Source material Block Start

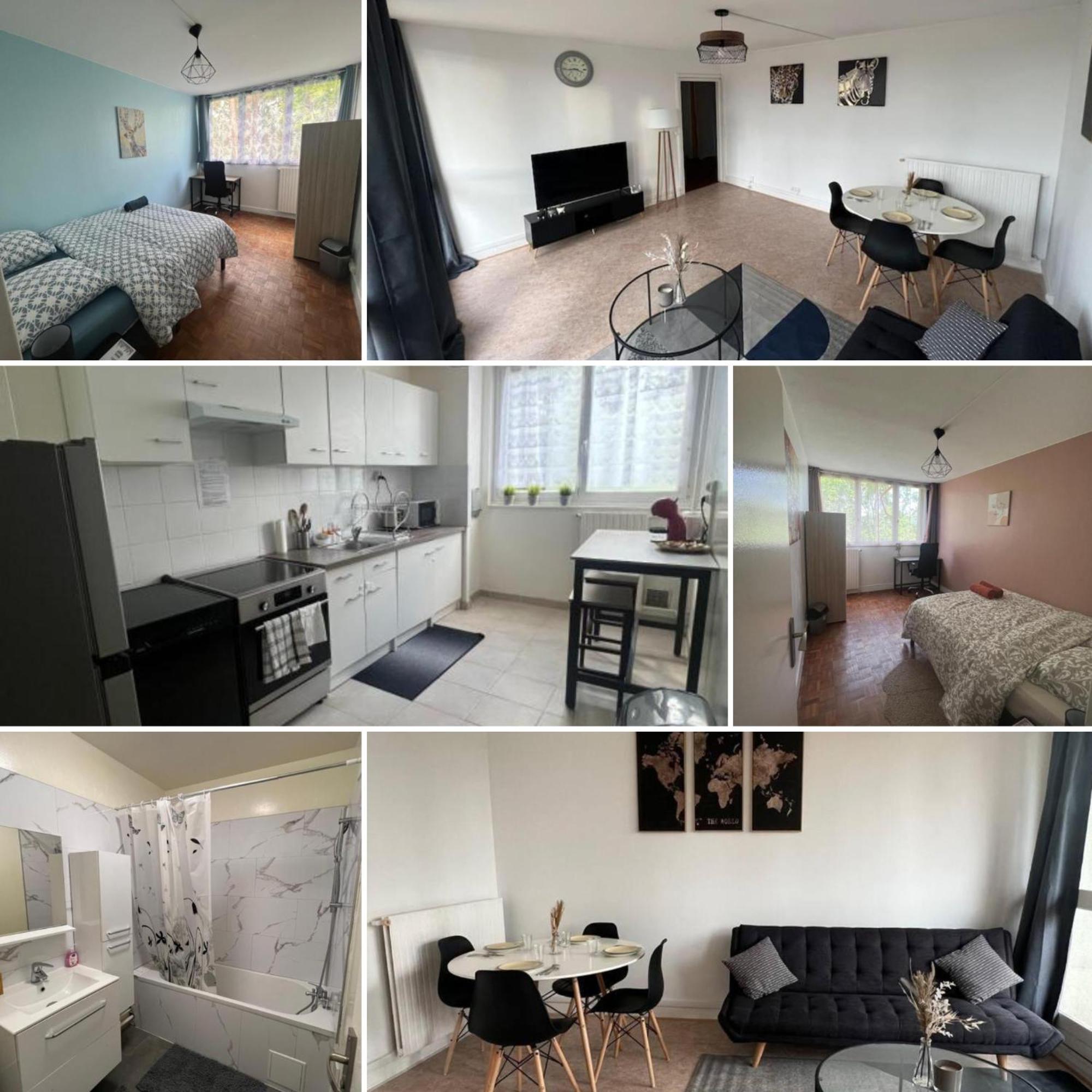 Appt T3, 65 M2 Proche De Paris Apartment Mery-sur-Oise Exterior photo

Source material Block End
Source material Block Start

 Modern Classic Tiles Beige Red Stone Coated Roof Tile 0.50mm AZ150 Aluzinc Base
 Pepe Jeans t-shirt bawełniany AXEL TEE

Source material Block End

▸ How to complete this task: The expected output is exactly the lines of the listing above between the line holding "Modern Classic Tiles" and the line holding "Pepe Jeans t-shirt bawełniany AXEL TEE", inclusive.

▸ Answer box:
 Modern Classic Tiles Beige Red Stone Coated Roof Tile 0.50mm AZ150 Aluzinc Base
 Pepe Jeans t-shirt bawełniany AXEL TEE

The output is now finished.